Nikon SLR Cameras

Why aren't my pictures showing up on my camera?

Sydney
Sydney

I have two cameras: a Nikon D3000 and a Sony SteadyShot. The memory card reader on my laptop doesn't work anymore, so I used the USB cable to hook up my camera to my laptop to upload pictures. I took the memory card from the D3000 (a 4 GB SanDisk Ultra) and put it into my Sony camera to upload the pictures using the USB cable for that camera, but only two pictures showed up: the first picture taken on that camera and one from December. I put the memory card back into the Nikon and took it to my desktop computer and used the Nikon USB cable to plug it into that computer, but only the first picture showed up again. I'm getting really worried, because there were over 250 pictures on the Nikon, and they're all very important (priceless family pictures, photos from plays I've done, etc.) and a lot of them I haven't had the chance to develop yet. Could anybody tell me what went wrong? And how I can get my pictures back? :$

Added (1). Also, when I now turn on my Nikon with the memory card in it, none of the pictures turn up except the first one.

Jim A
Jim A

You're missing the obvious answer, one camera can't read photos taken by a different camera.

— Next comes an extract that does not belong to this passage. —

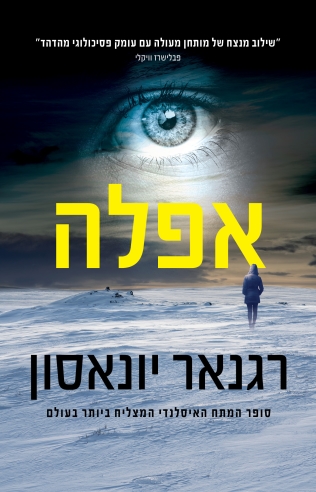 אפלה /רגנאר יונאסון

Get a usb card reader that should take care of the problem.It'll see all files taken by any camera.

AWBoater
AWBoater

Each camera has a unique space on the SD card. There's a folder called DCIM, and under that folder, there will be a folder for each camera. The Sony files will be in one folder and the Nikon files will be in the other.

The thing that has me concerned is that when you put the card back in the Nikon, those files should show up again. Did you look and see if the camera itself could see the files (not using the USB cable).

And if you did anything when the card was in the Sony - format for instance, you will wipe out the photos in the Nikon folder.

First, get a new card reader - they are not expensive. In fact they are cheap.under $10. Sometimes they are even free when you buy a SD card.

Then try to download all of the photos to your computer using Windows Explorer - not the software that comes with the camera.

Finally, if photos are missing - do not use the card until you download Recuva and run it against the card. Most of the time, Recuva will restore the files, as long as you have not used the card to take more photos.

stan l
stan l

What Jim said, plus you may have corrupted the card with your musical cameras strategy. You may need to download a photo recovery program and, using a USB card reader, go looking for your photos.